[Haskell-cafe] Re: "no-coding" functional data structures via lazyness

18 Jul 2007

      Dave Bayer wrote:
...
Here is a prime sieve that can hang within a factor of two of the fastest
code in that thread, until it blows up on garbage collection:
-----------------------------------------------------------------
diff  :: Ord a => [a] -> [a] -> [a]
diff xs@(x:xt) ys@(y:yt) = case compare x y of
    LT -> x : (diff  xt ys)
    EQ ->     (diff  xt yt)
    GT ->     (diff  xs yt)
diff _ _ = undefined
union :: Ord a => [a] -> [a] -> [a]
union xs@(x:xt) ys@(y:yt) = case compare x y of
    LT -> x : (union xt ys)
    EQ -> x : (union xt yt)
    GT -> y : (union xs yt)
union _ _ = undefined
twig :: Ord a => [a] -> [a] -> [a]
twig (x:xt) ys = x : (union xt ys)
twig _ _ = undefined
pair :: Ord a => [[a]] -> [[a]]
pair (x:y:xs) = twig x y : (pair xs)
pair _ = undefined
tree :: Ord a => [[a]] -> [a]
tree xs  = 
    let g (x:xt) = x : (g $ pair xt)
        g _ = undefined
    in  foldr1 twig $ g xs
This differs from your code in that it works with infinite lists, so
it can't build a balanced tree; the best it can do is to build a vine
of subtrees that double in size.
Yes, the shape of the implicit tree has to be known in advance, there's
no way to change it dynamically. But there's no need to balance it
perfectly as long as access to a leaf takes only logarithmic time. So,
the function  tree  is fine. I'd even turn it into a higher-order function

  foldInfTree1 :: (a -> a -> a) -> [a] -> a
  foldInfTree1 f xs  = foldr1 f $ deepen xs
     where
     pairs []        = []
     pairs [x]       = [x]
     pairs (x:x':xs) = f x x' : pairs xs

     deepen []       = []
     deepen (x:xs)   = x : deepen (pairs xs)

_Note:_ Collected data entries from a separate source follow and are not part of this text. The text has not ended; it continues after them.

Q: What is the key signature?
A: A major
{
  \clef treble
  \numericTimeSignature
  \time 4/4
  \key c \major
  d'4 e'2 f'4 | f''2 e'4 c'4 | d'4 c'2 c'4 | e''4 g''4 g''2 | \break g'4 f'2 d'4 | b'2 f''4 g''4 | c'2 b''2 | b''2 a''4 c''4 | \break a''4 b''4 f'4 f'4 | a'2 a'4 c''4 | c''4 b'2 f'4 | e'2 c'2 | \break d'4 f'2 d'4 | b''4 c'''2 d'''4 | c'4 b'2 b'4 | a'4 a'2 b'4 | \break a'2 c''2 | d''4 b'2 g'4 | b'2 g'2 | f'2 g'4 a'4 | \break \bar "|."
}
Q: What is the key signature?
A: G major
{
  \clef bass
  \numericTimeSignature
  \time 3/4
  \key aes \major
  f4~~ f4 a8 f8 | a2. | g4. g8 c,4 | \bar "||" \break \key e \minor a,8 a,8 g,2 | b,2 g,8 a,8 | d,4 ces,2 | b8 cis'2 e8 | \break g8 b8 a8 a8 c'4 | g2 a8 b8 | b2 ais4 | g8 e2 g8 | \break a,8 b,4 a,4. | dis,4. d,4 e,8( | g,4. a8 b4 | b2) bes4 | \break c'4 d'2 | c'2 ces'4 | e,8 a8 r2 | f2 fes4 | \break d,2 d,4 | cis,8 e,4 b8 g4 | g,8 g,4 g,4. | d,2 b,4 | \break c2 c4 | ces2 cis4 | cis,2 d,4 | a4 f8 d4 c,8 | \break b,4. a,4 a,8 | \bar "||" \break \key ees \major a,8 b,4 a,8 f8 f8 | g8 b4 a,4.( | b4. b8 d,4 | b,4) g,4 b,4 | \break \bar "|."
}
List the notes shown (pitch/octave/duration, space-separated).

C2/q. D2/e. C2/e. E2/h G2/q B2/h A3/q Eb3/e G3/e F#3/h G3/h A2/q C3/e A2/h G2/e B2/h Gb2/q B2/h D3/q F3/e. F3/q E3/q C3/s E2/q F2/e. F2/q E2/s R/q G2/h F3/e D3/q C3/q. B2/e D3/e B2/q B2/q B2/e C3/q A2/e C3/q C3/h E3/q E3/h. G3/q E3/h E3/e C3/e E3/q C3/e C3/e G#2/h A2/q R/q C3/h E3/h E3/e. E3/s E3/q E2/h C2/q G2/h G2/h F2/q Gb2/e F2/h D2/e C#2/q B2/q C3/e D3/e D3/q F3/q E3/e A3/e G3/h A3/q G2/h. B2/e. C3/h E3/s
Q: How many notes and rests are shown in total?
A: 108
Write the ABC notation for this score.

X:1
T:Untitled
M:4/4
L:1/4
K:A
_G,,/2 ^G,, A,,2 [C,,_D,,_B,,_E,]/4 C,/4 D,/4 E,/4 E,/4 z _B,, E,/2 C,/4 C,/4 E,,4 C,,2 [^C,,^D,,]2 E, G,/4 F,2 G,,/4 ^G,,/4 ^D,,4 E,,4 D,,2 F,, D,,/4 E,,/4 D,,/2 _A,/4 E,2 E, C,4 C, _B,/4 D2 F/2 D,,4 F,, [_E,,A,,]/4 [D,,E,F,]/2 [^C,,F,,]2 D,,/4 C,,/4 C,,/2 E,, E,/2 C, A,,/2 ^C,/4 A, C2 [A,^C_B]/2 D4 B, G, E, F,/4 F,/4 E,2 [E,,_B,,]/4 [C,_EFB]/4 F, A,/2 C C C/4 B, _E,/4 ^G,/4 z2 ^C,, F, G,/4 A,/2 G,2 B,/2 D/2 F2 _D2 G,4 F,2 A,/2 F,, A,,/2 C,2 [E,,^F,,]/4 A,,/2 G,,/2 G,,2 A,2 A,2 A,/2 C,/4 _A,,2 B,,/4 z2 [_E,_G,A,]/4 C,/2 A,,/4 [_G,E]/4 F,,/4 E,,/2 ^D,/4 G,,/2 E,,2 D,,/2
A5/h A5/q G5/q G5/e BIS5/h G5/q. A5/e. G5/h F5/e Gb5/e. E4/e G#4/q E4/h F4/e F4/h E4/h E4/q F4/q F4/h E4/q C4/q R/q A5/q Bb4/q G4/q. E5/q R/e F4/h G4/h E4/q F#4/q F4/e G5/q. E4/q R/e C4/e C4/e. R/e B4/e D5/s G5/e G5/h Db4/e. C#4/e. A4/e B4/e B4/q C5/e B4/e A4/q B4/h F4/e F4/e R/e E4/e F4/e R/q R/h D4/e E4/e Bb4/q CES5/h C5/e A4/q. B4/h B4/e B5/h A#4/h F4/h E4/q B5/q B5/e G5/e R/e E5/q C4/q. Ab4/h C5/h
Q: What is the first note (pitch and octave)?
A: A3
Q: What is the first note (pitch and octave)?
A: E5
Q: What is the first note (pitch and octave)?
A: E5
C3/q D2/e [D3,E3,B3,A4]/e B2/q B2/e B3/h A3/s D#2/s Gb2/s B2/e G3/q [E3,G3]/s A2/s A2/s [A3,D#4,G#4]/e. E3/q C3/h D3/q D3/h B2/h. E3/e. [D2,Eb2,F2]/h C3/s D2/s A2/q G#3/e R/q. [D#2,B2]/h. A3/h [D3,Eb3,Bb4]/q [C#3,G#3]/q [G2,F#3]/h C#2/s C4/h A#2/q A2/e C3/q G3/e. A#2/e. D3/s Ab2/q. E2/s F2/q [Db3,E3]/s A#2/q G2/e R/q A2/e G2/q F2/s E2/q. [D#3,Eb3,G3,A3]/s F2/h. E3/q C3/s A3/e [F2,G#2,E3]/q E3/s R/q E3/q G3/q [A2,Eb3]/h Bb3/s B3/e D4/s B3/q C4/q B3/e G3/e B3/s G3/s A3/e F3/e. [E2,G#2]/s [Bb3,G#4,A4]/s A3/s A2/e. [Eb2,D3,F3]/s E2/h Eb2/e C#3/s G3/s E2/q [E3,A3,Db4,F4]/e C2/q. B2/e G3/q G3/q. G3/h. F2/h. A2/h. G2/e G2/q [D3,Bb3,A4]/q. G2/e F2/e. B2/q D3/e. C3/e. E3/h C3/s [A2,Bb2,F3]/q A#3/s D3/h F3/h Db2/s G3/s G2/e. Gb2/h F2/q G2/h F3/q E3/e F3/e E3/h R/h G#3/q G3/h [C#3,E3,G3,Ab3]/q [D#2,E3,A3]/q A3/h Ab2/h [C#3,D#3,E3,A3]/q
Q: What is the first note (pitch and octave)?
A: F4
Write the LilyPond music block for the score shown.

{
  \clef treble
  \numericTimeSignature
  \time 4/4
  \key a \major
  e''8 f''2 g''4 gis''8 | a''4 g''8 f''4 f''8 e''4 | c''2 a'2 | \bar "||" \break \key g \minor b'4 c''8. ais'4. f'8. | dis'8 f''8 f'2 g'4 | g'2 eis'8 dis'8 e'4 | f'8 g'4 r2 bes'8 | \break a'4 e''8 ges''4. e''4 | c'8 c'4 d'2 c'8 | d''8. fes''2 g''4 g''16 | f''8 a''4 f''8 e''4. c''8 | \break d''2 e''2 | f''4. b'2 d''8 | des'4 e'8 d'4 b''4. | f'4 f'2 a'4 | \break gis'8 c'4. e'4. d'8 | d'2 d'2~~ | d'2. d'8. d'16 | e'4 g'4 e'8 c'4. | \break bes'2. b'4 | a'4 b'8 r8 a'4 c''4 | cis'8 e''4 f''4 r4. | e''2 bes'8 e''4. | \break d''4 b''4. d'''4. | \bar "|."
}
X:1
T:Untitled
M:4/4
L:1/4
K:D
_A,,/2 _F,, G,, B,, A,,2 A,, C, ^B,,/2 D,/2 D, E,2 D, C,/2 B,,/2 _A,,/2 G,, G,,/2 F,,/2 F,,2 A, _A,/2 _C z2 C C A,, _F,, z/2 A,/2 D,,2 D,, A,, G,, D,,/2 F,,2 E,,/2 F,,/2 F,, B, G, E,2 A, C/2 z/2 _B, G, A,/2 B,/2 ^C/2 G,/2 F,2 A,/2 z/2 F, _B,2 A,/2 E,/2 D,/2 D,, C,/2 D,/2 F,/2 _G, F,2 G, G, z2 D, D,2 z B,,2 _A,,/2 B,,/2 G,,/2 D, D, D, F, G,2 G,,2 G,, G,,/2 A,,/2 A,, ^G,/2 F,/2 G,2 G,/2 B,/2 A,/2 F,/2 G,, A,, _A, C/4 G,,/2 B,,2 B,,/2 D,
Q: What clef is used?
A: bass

In case of an infinite list, the resulting tree of `f`s has an infinite
right spine but every other path is finite. Moreover, the length of a
path to the n-th list element is bounded by something like 2*log n. With
this higher-order function, your  tree  becomes

  tree = foldInfTree1 twig

But I'm not sure whether this tree structure really works well for
infinite lists, see my remark below.
...
seed :: Integral a => [a]
seed = [2,3,5,7,11,13]
wheel :: Integral a => [a]
wheel  = drop 1 [ 30*j+k | j <- [0..], k <- [1,7,11,13,17,19,23,29] ]
primes :: Integral a => [a]
primes = seed ++ (diff (drop 3 wheel) multiples)
multiples :: Integral a => [a]
multiples = tree ps
    where f p n = mod n p /= 0
          g (_,ns) p = ([ n*p | n <- ns ], filter (f p) ns)
          ps = map fst $ tail $ scanl g ([], wheel) $ drop 3 primes
Hm, this looks very suspicious, I guess there's something wrong with
using  scanl g . You filter out multiples that are divisible by prior
primes, but that should be the job of the heap. In other words, the
filter (f p)  is the core of the algorithm here, making it almost
equivalent to the simple

  sieve xs p = filter (\n -> n `mod` p /= 0) xs
  primes = map head $ scanl sieve [2..] primes

The heap is not needed at all. In fact, it may even be the second reason
for the memory consumption here. To see why, lets draw the structure of
the tree with parentheses

  1 (2 3) ((4 5) (6 7)) (((8 9) (10 11)) ((12 13) (14 15))) ...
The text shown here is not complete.